A critical connection is a connection that, if removed, will make some server(s) unable to reach some other server(s) (i.e., the network becomes disconnected).

Your task is to find all such critical connections in the network. The answer can be returned in any order.

  • There is exactly one unique solution for the network.
  • Each connection is bidirectional and used at most once.
  • The network is connected before any removal.

Example:
n = 4
connections = [[0,1],[1,2],[2,0],[1,3]]
Output: [[1,3]]

Thought Process

The problem is essentially about finding all bridges in an undirected graph. A bridge is an edge that, if removed, increases the number of connected components in the graph.

The brute-force approach would be to remove each edge one by one, and check if the graph is still connected (using BFS or DFS). However, this is inefficient for large graphs, as each connectivity check is expensive.

To optimize, we need a way to find all bridges efficiently. This leads us to graph algorithms like Tarjan's Algorithm for finding bridges in O(N + E) time. The core idea is to use DFS traversal and keep track of the discovery time and the lowest point reachable from each node.

In summary, the shift is from a naive "try everything" approach to a clever, single-pass DFS that efficiently identifies critical edges.

Solution Approach

We use Tarjan's Algorithm to find all bridges in the undirected graph. Here's how it works step by step:

  1. Build the Graph:
    • Use an adjacency list to represent the connections between servers.
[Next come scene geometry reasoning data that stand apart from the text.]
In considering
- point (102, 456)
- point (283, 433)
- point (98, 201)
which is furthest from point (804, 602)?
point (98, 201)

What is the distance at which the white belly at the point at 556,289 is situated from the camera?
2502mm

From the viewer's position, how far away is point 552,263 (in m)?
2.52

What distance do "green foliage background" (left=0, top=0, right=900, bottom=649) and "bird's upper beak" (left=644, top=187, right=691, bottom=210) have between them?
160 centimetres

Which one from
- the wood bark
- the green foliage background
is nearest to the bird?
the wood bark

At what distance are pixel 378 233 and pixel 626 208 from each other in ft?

This allows efficient traversal.
  2. Initialize Tracking Arrays:
    • disc: Discovery time of each node (when it's first visited).
    • low: The earliest discovered node reachable from the current node (including itself and its descendants).
    • Both arrays help us detect if an edge is a bridge.
  3. DFS Traversal:
    • Start DFS from any node (say, node 0), keeping track of the parent to avoid revisiting the immediate ancestor.
    • For each neighbor, recursively perform DFS if it hasn't been visited.
    • After returning from DFS, update the low value of the current node.
  4. Bridge Condition:
    • If low[neighbor] > disc[current], then the edge between current and neighbor is a bridge (i.e., a critical connection).
  5. Result Collection:
    • Collect all such edges and return them as the result.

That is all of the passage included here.